Your input function can take arbitrary keyword arguments (or “kwargs”), and
you just need to pass those arguments to the CV wrapper. Note that, as with
the specialized wrappers above, you must create your CVs with explicit
keyword arguments. That is, the center=
part in the last line is
required.
Using CVs based on other CVs
What if I had a similar problem, but instead of the 2D plane being the actual coordinates, it was a plane defined by two other collective variables (such as two distances)? In OPS, we can create CVs that use other CVs as input. In the example below, I’ll first create CVs to get the \(x\) and \(y\) positions, then I’ll use those as inputs to a distance function:
def get_coord(snapshot, element):
return snapshot.xyz[0][element]
cv_x = paths.CoordinateFunctionCV("cv_x", get_coord, element=0)
cv_y = paths.CoordinateFunctionCV("cv_y", get_coord, element=1)
def distance(snapshot, cv_x, cv_y, center):
import math
x = cv_x(snapshot)
y = cv_y(snapshot)
return math.sqrt((x - center[0])**2 + (y - center[1])**2)
distance_cv = paths.CoordinateFunctionCV("dist", distance,
cv_x=cv_x, cv_y=cv_y,
center=[-0.5, -0.5])
In addition to being convenient, this can approach can also be useful if your CV calculations are expensive. If a part of your CV is recalculated, you can make it into its own CV. Once it has been calculated once, it will be cached (and disk-cached, if requested), meaning that it can be re-used without regenerating it.
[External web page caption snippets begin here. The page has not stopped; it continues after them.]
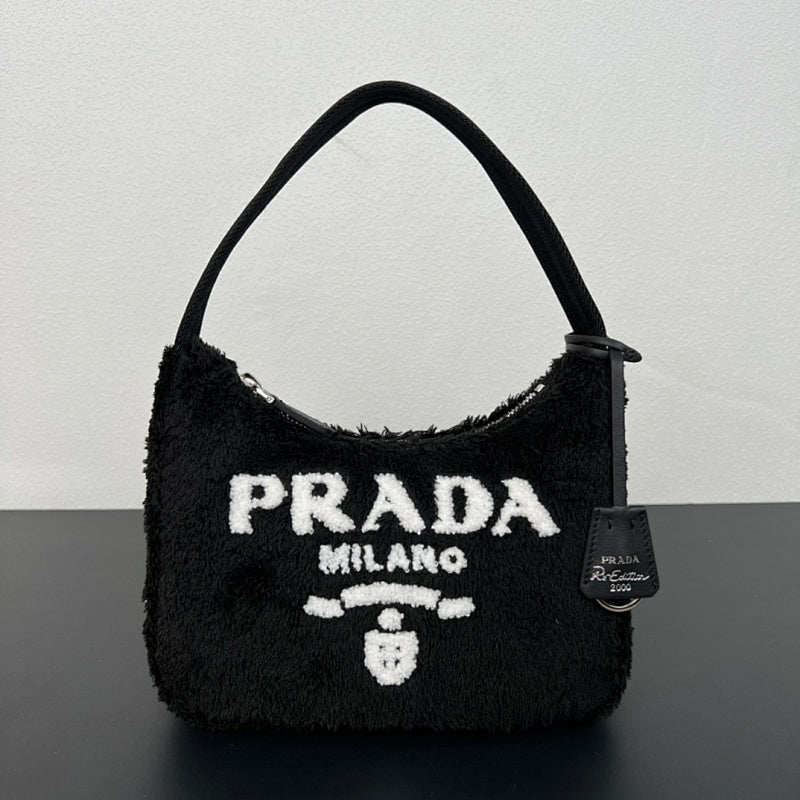 Ezyycart Bags pradn Luxury Bag --73077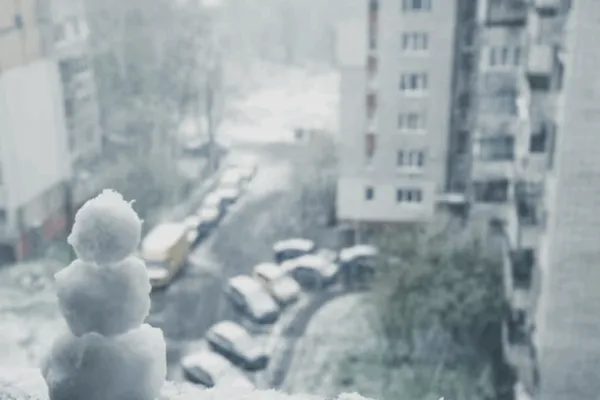 Прогноз погоды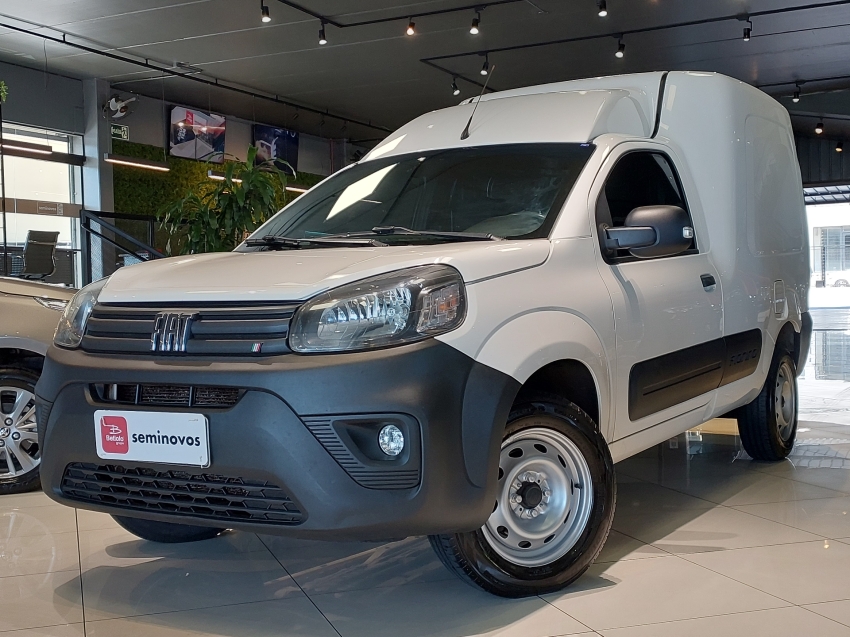 fiat fiorino 1.4 mpi furgao endurance 8v flex 2p manual 20250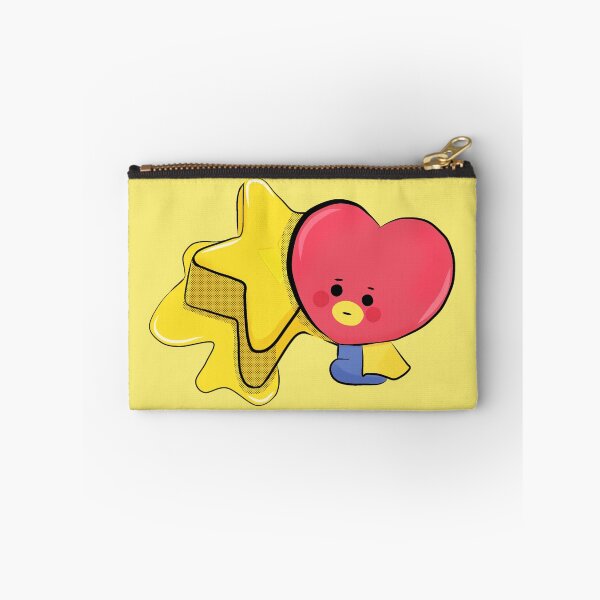 Item preview, Butter two designed and sold by MarineTreasury.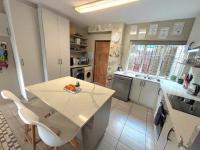  of property in Amanzimtoti 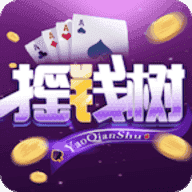 77966摇钱树棋牌苹果版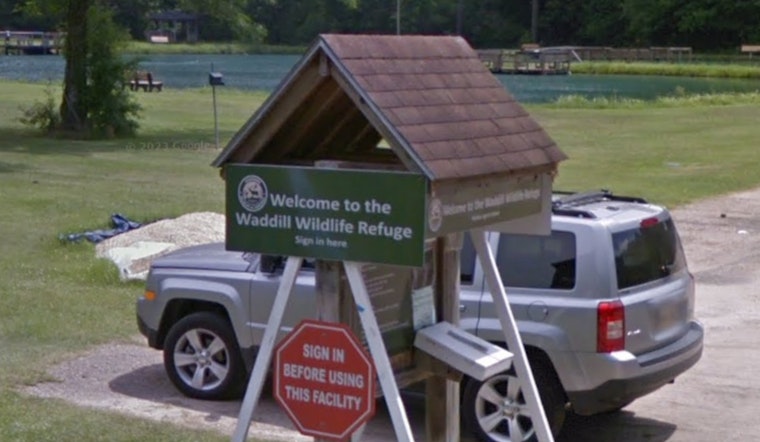 Louisiana Gears Up for Family-Friendly National Hunting and Fishing Day Celebrations on September 27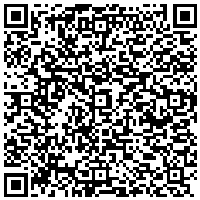 QR Code for bitcoin:bitcoin:bitcoin:bitcoin:bitcoin:bitcoin:bitcoin:bitcoin:bitcoin:bitcoin:bitcoin:bitcoin:bitcoin:bitcoin:bitcoin:bitcoin:bitcoin:bitcoin:dash:XnuFnmupEXSTpFTmoAPkvAgq8vFN13w3CW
Another way this can improve performance is that sometimes, it’s easier to calculate multiple CVs at once, rather than calculating them individually. For example, the overhead for converting to another trajectory format (such as MDTraj) may become large. Here’s a way to avoid that:
all_dists = paths.MDTrajFunctionCV("all_dists", md.compute_distances,
topology, atom_pairs=[[0, 1], [0, 2]])
def select_distance(snapshot, all_dists_cv, pair_number):
return all_dists_cv(snapshot)[pair_number]
dist_0_1 = paths.CoordinateFunctionCV("dist_0_1", select_distance,
all_dists_cv=all_dists,
pair_number=0)
dist_0_2 = paths.CoordinateFunctionCV("dist_0_2", select_distance,
all_dists_cv=all_dists,
pair_number=1)
Let’s say that your code later uses dist_0_1
and then dist_0_2
on a
snapshot called snap
. When dist_0_1(snap)
is called, the
all_dists
CV is used, meaning that we use MDTraj to calculate the
distance. But all the distances are calculated, and the result is cached
(always cached in memory, cached to disk if that has been enabled). When
dist_0_2(snap)
is called, it finds that all_dists
was already called
on snap
, so it pulls the result from the cache instead of actually using
MDTraj again.
Security: Loading from storage without the function
The ability to store an arbitrary function is extremely powerful. However, it can also be extremely dangerous. Since the function could, in principle, do anything, someone could create a malicious CV that does damage to your system. To prevent that, you can set a “safe mode” that prevents the storage from loading the Python functions associated with CVs. In safe mode, you can still read the disk-cached values of the CV, but you can’t calculate the value of the CV for a snapshot that doesn’t have a disk-cached result. If you need to calculate the value for new snapshots, you can associate the CV with a function after reloading it in safe mode. It is your responsibility to ensure that the function is the same as the original one! Note that this approach can also be used if Python changing its internal object code (as happened between Python 2 and Python 3).
If you are loading an OPS file from an unknown/untrusted source, we always recommend using safe mode.